[What needs to be done] Repeat precisely the line in which "this 640×480 image." occurs and all lines that follow it in the entries below. Pictures must be omitted.

Entries taken from a collection:
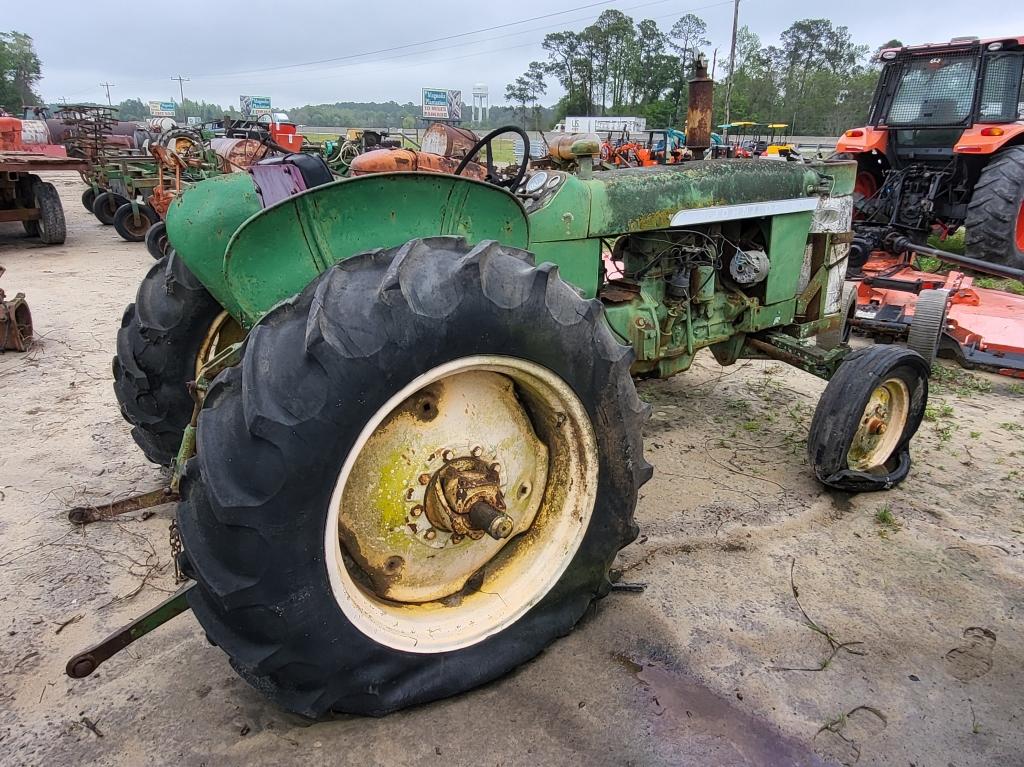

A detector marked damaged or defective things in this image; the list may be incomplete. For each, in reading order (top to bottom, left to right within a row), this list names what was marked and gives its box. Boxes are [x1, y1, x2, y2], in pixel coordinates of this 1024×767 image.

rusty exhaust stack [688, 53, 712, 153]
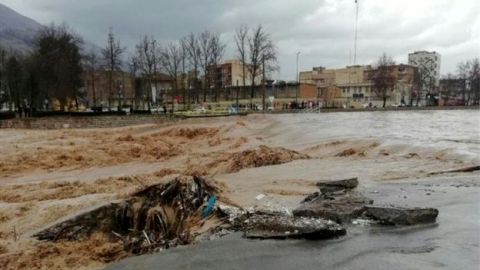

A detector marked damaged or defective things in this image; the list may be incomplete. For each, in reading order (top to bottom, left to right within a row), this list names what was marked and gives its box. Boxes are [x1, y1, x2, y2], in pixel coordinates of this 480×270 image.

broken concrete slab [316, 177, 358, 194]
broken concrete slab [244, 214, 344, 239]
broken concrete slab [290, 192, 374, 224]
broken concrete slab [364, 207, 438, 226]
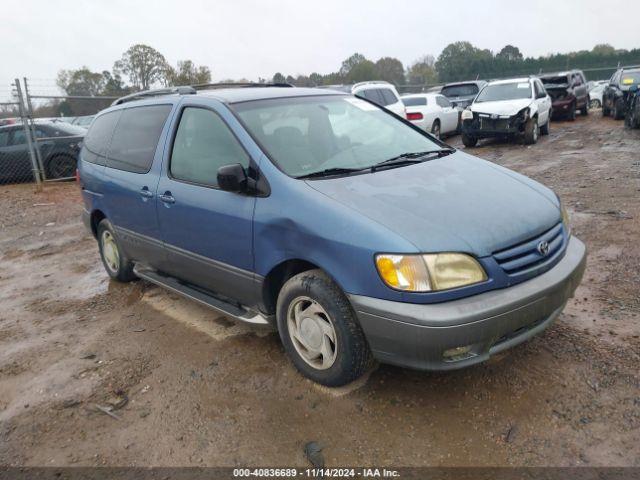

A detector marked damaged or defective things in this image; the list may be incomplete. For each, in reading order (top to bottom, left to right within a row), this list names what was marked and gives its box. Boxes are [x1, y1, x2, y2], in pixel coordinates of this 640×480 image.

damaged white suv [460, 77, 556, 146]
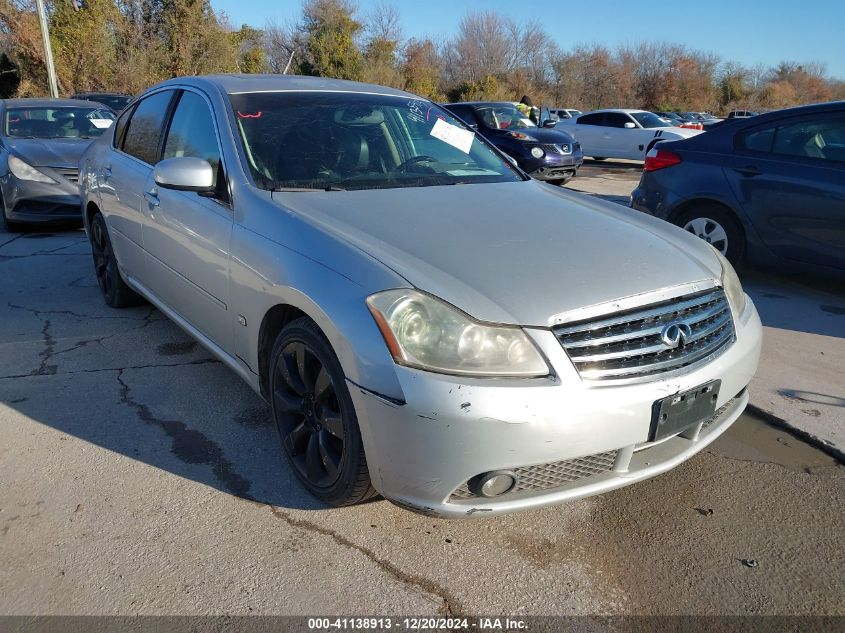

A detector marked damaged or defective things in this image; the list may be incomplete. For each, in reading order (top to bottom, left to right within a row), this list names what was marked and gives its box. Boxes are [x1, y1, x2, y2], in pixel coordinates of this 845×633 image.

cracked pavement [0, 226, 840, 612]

[Task solution]
A detector marked damaged or defective things in this image; the list may be incomplete. For each, in reading order (top to bottom, left to right within a row), this list names what was marked and gives its box. Boxes are [x1, y1, x2, y2], in pixel coordinates of this 640×480 image.

damaged white suv [460, 77, 556, 146]

A detector marked damaged or defective things in this image; the list may be incomplete. For each, in reading order (top to bottom, left to right within a row), this list names what was marked and gives its box. Boxes are [x1, y1, x2, y2], in pixel coordinates of this 845×633 image.

cracked pavement [0, 226, 840, 612]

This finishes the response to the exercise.